Chilblains in children in the time of COVID-19: New evidence with serology assay.

INTRODUCTION

In a previous report in Pediatric Dermatology, we described chilblains‐like lesions in four pediatric patients. From April 18, 2020, to May 10, 2020, 45 children presented to our Pediatric Dermatology department with similar acral lesions. The clinical appearance ranged from red to violaceous macules and dusky, purpuric plaques on the heels, soles and lateral margin of the feet, often accompanied by painful edema, consistent with chilblains. A personal or familiar history of low‐grade fever and systemic symptoms (cough and gastrointestinal disorders) were frequently reported before the cutaneous eruption. These findings were consistent with the features observed in the first patients we described in our original report. All patients tested negative for SARS‐CoV‐2 with nasopharyngeal swab and aspirate. Respiratory specimens were tested for SARS‐CoV‐2 infection with a commercial RT‐PCR method, Seegene AllplexTM2019‐nCoV Assay (Seegene). Automated RNA extraction and PCR setup were carried out using Seenege NIMBUS, a liquid‐handling workstation. Real‐time PCR was run on a CFX96TMDx platform (Bio‐Rad Laboratories, Inc.).
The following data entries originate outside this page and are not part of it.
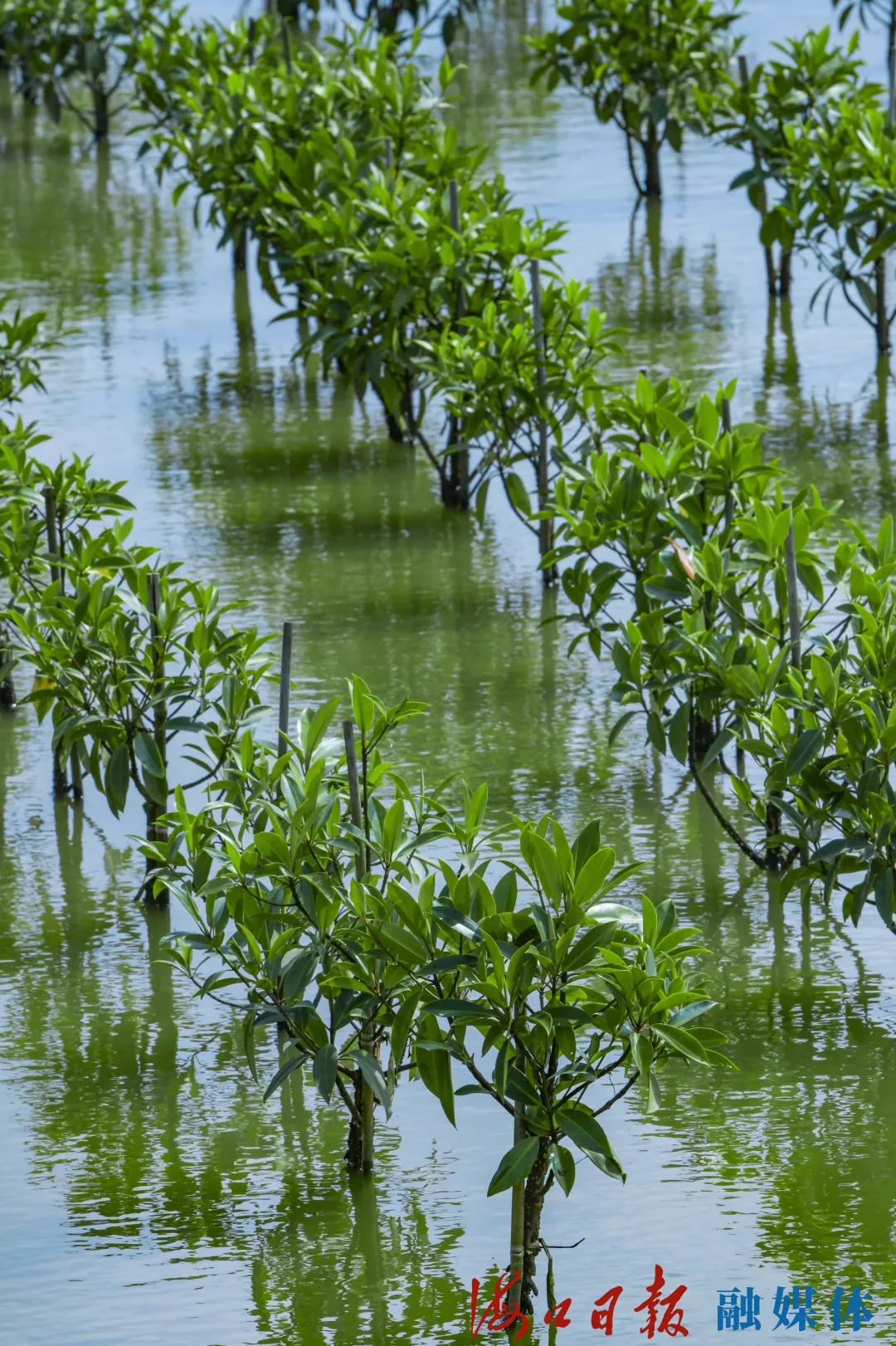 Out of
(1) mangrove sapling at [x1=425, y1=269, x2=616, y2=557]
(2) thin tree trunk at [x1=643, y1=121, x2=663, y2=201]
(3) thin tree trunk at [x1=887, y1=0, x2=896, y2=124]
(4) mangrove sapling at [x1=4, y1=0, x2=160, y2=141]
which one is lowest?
(1) mangrove sapling at [x1=425, y1=269, x2=616, y2=557]

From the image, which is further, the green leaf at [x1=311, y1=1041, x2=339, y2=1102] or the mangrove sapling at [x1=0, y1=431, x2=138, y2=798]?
the mangrove sapling at [x1=0, y1=431, x2=138, y2=798]

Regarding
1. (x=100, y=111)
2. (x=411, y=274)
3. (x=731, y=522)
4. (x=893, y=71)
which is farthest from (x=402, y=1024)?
(x=100, y=111)

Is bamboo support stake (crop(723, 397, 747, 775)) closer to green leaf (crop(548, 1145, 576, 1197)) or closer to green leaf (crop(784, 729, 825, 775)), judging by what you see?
green leaf (crop(784, 729, 825, 775))

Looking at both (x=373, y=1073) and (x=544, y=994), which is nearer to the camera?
(x=544, y=994)

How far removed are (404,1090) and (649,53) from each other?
8.29m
The recent introduction of validated serology tests (IgG) allowed us to further explore the correlation between chilblains‐like lesions and COVID‐19 infection. Eight pediatric patients, including the four we reported in the previous paper, underwent serologic testing for COVID‐19. Measurement of anti‐SARS‐CoV‐2 IgG was performed with LIAISON® SARS‐CoV‐2 S1/S2 IgG test kit automated on LIAISON® XL (Diasorin) that detects antibodies anti‐Spike 1 and 2 proteins with a sensitivity of 97.4% (95% CI 86.8%‐99.5%) and a specificity of 98.5% (95% CI 97.5%‐99.2%). Seven patients tested negative and one, previously negative to nasopharyngeal swab and aspirate for SARS‐CoV‐2, turned out tested positive with a high level of IgG (64.50 AU/mL, normal range < 3.8 AU/mL). Two patients had an elevation of D‐dimer and fibrinogen degradation products. To date, it has not been possible to definitively confirm the relationship between chilblains‐like lesions and COVID‐19 infection because of lack of positive testing in patients with the acral clinical findings. However, considering the number of cases reported worldwide and the timing of the pandemic, we agree with Cordoro et al who suggested that these lesions may represent a response to subclinical infection or a convalescent‐phase reaction. We recommend that patients presenting with these cutaneous manifestations should undergo clinical observation and a comprehensive laboratory evaluation, including coagulation panels (D‐dimer, fibrinogen, INR, PT and PTT) and viral serology (CMV, parvovirus B19, EBV, and coxsackievirus) to exclude underlying viral infections. Severe acral ischemic lesions associated with procoagulant disorders are described in patients with acute COVID‐19 infection. According to the current literature, changes observed are probably due to the inflammatory response to SARS‐CoV‐2. An evaluation of coagulation panels could be carried out to further support diagnosis and investigate systemic involvement.

In conclusion, given the still uncertain relationship between chilblains‐like lesions and COVID‐19, we highly recommend testing patients presenting with acral chilblains‐like lesions with nasopharyngeal swab‐aspirate and serology for SARS‐CoV‐2 in order to fully investigate the elusive relationship between the clinical presentation and the historic viral infection, COVID‐19.